### Entries supplied
^^^^
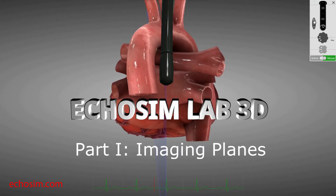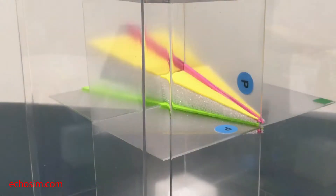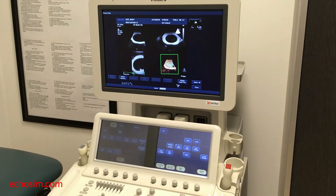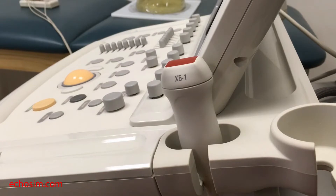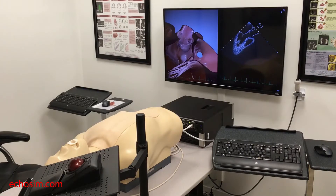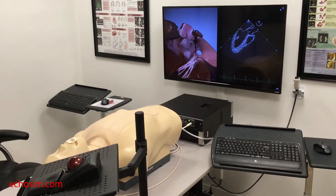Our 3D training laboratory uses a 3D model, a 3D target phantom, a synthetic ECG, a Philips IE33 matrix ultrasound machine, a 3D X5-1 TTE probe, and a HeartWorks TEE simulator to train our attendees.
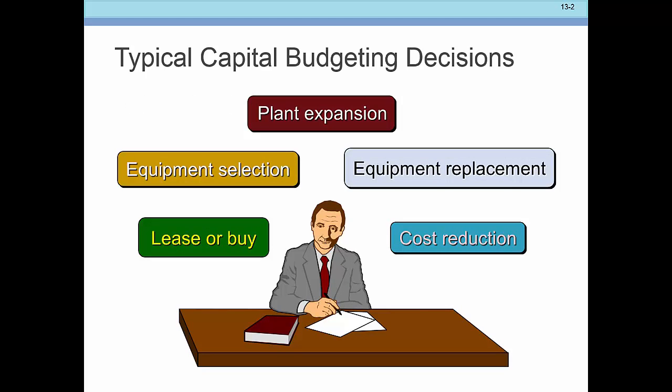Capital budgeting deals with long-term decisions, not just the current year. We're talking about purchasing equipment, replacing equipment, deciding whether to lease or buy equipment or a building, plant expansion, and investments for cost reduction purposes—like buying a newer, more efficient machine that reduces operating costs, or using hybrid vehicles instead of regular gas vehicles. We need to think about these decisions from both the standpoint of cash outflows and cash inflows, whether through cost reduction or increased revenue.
^^^^
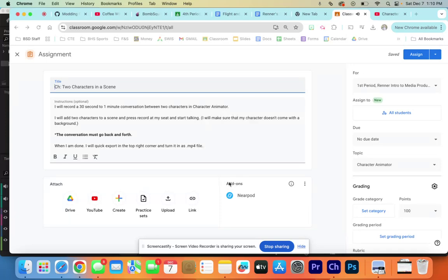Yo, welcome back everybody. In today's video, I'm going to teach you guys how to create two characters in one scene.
^^^^
Take the material above from the line containing "Our 3D training" up to and including the line containing "Capital budgeting deals" and retype it exactly, without any pictures.

### Result below
Our 3D training laboratory uses a 3D model, a 3D target phantom, a synthetic ECG, a Philips IE33 matrix ultrasound machine, a 3D X5-1 TTE probe, and a HeartWorks TEE simulator to train our attendees.
Capital budgeting deals with long-term decisions, not just the current year. We're talking about purchasing equipment, replacing equipment, deciding whether to lease or buy equipment or a building, plant expansion, and investments for cost reduction purposes—like buying a newer, more efficient machine that reduces operating costs, or using hybrid vehicles instead of regular gas vehicles. We need to think about these decisions from both the standpoint of cash outflows and cash inflows, whether through cost reduction or increased revenue.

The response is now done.